RIDIR: Developing and Deploying the Criminal Justice Administrative Records System

RIDIR: Developing and Deploying the Criminal Justice Administrative Records System

Michael Mueller-Smith, Keith Finlay

The Criminal Justice Administrative Records System (CJARS) is a project created to address gaps in the existing data infrastructure of the U.S. criminal justice system. The U.S. criminal justice system has six million individuals under correctional supervision and requires hundreds of billions of dollars in public expenditures. Scholars and policymakers have consistently called for robust, scientific analysis quantifying the benefits and costs of justice practices, yet this goal has been fundamentally constrained by limitations including a lack of data integration across agencies and jurisdictions as well as an inability to measure outcomes in social and economic domains.

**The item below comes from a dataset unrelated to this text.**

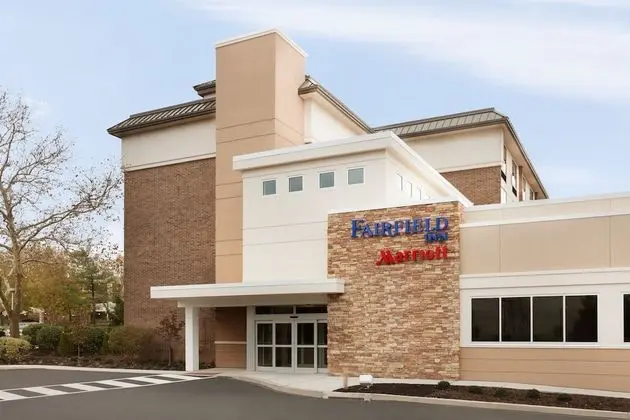 Fairfield Inn by Marriott Philadelphia Valley Forge - Dış Mekan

CJARS addresses these gaps by collecting administrative data from criminal justice agencies across the U.S., harmonizing event data into a common national format, and linking person-level records to form longitudinal histories of life course interactions with the justice system. In partnership with the U.S. Census Bureau, CJARS data will be made available in Federal Statistical Research Data Centers, where criminal justice data can be integrated with a wide range of socioeconomic survey and administrative data, and thus support a new generation of innovative research on the U.S. criminal justice system.

This project involves three areas of activity: (1) preparation of CJARS for external research access by benchmarking it to existing statistical series and performing advanced validation checks based on integrated criminal and non-criminal microdata; (2) production of novel research on the U.S. justice system that illustrates the breadth of possibilities enabled by the CJARS platform; and (3) development of access infrastructure and launching of outreach activities to engage a large and diverse user base. The research includes studies of the prevalence of criminal justice interactions across the U.S. and the methodology of harmonizing administrative records. Outreach activities will raise awareness of data and research opportunities, facilitate new research proposals, and maximize the scientific value of the infrastructure.